= David Comer =

David J. Comer received the BSEE degree from San Jose State University, the MSEE degree from the University of California, Berkeley and the PhD from Washington State University. He spent five years with IBM's Advanced Systems Development Division working in the automatic speech recognition area and the automated warehousing area. Doctor Comer's academic career began as an assistant professor at the University of Idaho in 1964. He moved to the University of Calgary as an associate professor in 1966 and then to California State University, Chico in 1969 as a professor and dean of the engineering program. In 1981, he became a professor of electrical engineering at Brigham Young University, serving as department chair from 1990 to 1993. He retired from BYU in September 2017.
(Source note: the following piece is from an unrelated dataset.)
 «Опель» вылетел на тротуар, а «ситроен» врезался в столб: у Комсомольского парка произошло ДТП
Comer's areas of interest include passive and active filter design, MOS amplifier design, wideband amplifier design, operation of MOS stages in the weak inversion region, and high-speed chip-to-chip communications. He has consulted for Intel, Lawrence Livermore National Labs, IBM, and Mobility Systems Inc. Eight patents have been applied for in Professor Comer's name, two by IBM and six by Intel.
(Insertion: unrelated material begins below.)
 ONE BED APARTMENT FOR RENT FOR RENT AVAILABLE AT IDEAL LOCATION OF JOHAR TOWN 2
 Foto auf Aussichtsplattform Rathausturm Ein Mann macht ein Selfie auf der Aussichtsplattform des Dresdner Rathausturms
Comer served on the statewide California Engineering Liaison Committee from 1970 to 1975. He also served on the Engineering Deans' Council of the California State Universities during this same period and served as chair of this council in 1972. He was invited to appear before a California state legislative committee to determine if engineering programs at state universities in Humboldt, San Francisco, and Chico should be terminated or continued. Comer's presentation influenced the decision to continue these programs.

Doctor Comer has authored twelve textbooks in the field of electronic circuit design some of which have been translated into the Chinese, Korean, and Portuguese languages. He has published over 100 research papers in the leading journals of his field. In addition to these publications, Comer was also invited to write two sections in the Encyclopedia of Physical Science and Technology and three chapters in CRC Handbooks in the electronics area. He is credited with the development of the narrowband inductorless phase-shift filter. and the loop gain modulator.

Comer was elevated to the grade of Fellow of the IEEE in 2005. He has received several awards during his career including the Professional Achievement Award at CSU, Chico in 1981. He was named the outstanding teacher in the department of electrical engineering at the University of Calgary in 1968 and at BYU in 1986 and 1987. He was twice named the outstanding teacher in the College of Engineering at BYU (1992, 2008) and also received the Karl G. Maeser Excellence in Teaching Award at BYU in 2005.